The Memory of Frosting


When we were little my dad used to make us homemade birthday cakes cut into familiar shapes and displayed on large foil covered boards; a Raggedy Ann doll with Oreo cookies for feet, a big white rocket ship among them.  I can vaguely recall him making the intricate details with colored icing and dotting row after row of little frosting stars to make these in our honor.  I know I have pictures of them somewhere and they were quite impressive in scale as well as in concept.  It's the idea of my dad imagining and then making these cakes for us that really is now so touching, because I understand as a mom now what a labor of love this is.

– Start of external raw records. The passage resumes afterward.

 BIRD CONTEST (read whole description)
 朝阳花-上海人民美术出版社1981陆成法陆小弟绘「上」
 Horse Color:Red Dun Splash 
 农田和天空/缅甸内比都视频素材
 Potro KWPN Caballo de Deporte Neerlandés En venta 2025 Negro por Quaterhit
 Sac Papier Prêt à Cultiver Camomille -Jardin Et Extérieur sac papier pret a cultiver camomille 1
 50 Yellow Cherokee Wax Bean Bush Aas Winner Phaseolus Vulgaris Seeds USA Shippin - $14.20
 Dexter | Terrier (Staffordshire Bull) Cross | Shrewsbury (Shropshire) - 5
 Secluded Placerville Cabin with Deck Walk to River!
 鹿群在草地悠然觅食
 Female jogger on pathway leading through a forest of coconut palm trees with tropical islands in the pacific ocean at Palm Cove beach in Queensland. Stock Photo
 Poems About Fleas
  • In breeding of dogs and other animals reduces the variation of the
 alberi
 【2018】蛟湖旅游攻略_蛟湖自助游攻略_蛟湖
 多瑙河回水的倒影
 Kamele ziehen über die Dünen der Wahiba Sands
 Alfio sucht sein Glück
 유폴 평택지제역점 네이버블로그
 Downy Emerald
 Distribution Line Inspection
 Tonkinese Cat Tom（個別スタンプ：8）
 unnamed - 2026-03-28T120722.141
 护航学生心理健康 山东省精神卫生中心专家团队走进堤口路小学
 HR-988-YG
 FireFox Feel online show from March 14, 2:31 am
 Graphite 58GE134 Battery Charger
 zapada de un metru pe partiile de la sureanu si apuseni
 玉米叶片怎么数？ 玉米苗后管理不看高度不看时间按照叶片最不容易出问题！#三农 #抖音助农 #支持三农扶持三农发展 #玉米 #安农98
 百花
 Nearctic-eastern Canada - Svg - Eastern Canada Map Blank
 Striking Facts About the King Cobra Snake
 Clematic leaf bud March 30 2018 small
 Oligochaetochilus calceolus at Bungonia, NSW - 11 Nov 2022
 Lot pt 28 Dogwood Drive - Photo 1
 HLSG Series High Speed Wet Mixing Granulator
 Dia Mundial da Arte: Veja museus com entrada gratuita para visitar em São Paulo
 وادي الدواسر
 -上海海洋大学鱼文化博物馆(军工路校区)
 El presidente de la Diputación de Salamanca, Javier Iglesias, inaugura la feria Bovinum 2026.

Dad used to make us other things too, painted bookcases and cool furniture with matching upholstered chairs for our rooms, mine always pink and green, my brother's blue and red.  He even hooked me a beautiful rug wall-hanging with a big basket of playful, white kittens and my name stitched in curly capitol letters across the bottom.  I wish I had a photo of his work in progress, but I know that it must have taken many many hours.  This thought makes me smile. 

I do love making things for my kids.  It is a big part of our connection to one another.  It isn't often though, that I make birthday cakes as the delectable butter cream confections made by our local favorite nut-free bakery are so divine and baking is not really my forte.  Still, there have been an inspired few created over the years born of the same devotion as my dad's, long and messy projects like a cow for a One Year celebration 8 years ago and a requested "little yellow fishy" for my three year old last summer, with a few others in between.  Each time, I thought of my father laboring over a similar sheet of cake and felt a connection with him in that simple shared moment.

As I walk through these experiences in my motherhood where I can feel both perspectives, as both a mom and as a child, there is a profound sense of knowing, of loving and having been loved, discovered through one mirrored moment as simple as frosting a cake.